そしてそんな真っ直ぐな気持ちを抱えたまま、草野正宗はロック・スターにまでなってしまうのです。
俺の情熱はどんなに凍えきったものでも一瞬で溶かせるほどにホットなものであります。
未知との遭遇
ロック文化の壮大な歴史に
まだまだ醒めない アタマん中で ロック大陸の物語が
最初ガーンとなったあのメモリーに 今も温められてる
さらに育てるつもり
出典: 醒めない/作詞:草野正宗 作曲:草野正宗
ロックの歴史の壮大さを大陸と喩えます。
実際にロックはアメリカ合衆国の大陸文化の中で生まれました。
しかしご存知のようにその発展に寄与したのはイギリスのミュージシャンたちでもあります。
島国文化のイギリスの音楽家たちもロック大陸の歴史を構築しているから不思議でしょう。
この大陸への喩えというものは、それだけ懐の広い歴史をロックが抱えているという事実に由来します。
俺がいつまでも忘れられないのはロックとのファースト・コンタクトなのです。
初めての出会いの印象というものは愛において大事な基礎になります。
人と人との最初の出会いはその後の関係性を決定付けるものです。
ロックとはあくまでも音楽であり生きものですらないでしょう。
そうであってもファースト・コンタクトの瞬間は忘れ得ない衝撃を感じます。
これまでの音楽の既成概念をすべて取り払ってくれる瞬間が訪れるのです。
ビートがどんどん響いてきて、ギターがザクザクと切り刻んでくる。
さらにボーカルが歌う歌詞に励まされている自分に気付くのがロックの醍醐味です。
スピッツは知られているとおりにブルーハーツから多大な影響を受けました。
初期の楽曲にはパンクロックバンドの面影があります。
歌によってすべてを変えてくれるような勢いや魅力というものをリスナーとしても知り尽くしていました。

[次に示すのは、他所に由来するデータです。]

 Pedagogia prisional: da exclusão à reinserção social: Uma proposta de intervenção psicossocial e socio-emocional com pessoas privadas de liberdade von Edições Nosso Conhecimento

大きく価値観が塗り替えられると、もう過去に愛したものに戻れなくなってしまいます。
草野正宗はロックの洗礼を受けてしまったのであり、もう引き返せない人生なのでしょう。
「ロックのオルタナティブはロック」
草野正宗は「ロックの次にあるものはロックじゃないかな」という趣旨の発言をします。
オルタナティブという言葉で盛んに色々な音楽が登場しました。
しかしそうした新しい音楽の基礎もロックであることは揺らぎようがないと確信するのです。
スピッツといえばエバーグリーンなポップスと思っているリスナーも多いでしょう。
しかし彼らのライブで観られるのはまごうことなきオルタナティブ・ロック・バンドの姿です。
いつの日かロックというものは日常の中に溶け込んでゆきます。
しかしそうはいっても俺を囚えて離さないメモリーはロックとの邂逅の瞬間です。
衝撃で全身に電気が走るような思いをしたのでしょう。
こうした経験の美しさや幸せは多くのリスナーにもシェアしたいものです。
芸術とは何だかわからないものとの出会いこそ衝撃的でしょう。
さっきまでの固定観念を打ち砕いてくれる力がリアル・ロックというものに必ずあります。
こうした出会いのイメージは生涯に渡って真空パックされたように新鮮な記憶であり続けるのです。
「醒めない」はアルバム「醒めない」のオープニング・チューン。
ですからスピッツからのロック流の挨拶になります。
いい思い出をバンドと一緒に築きたいものでしょう。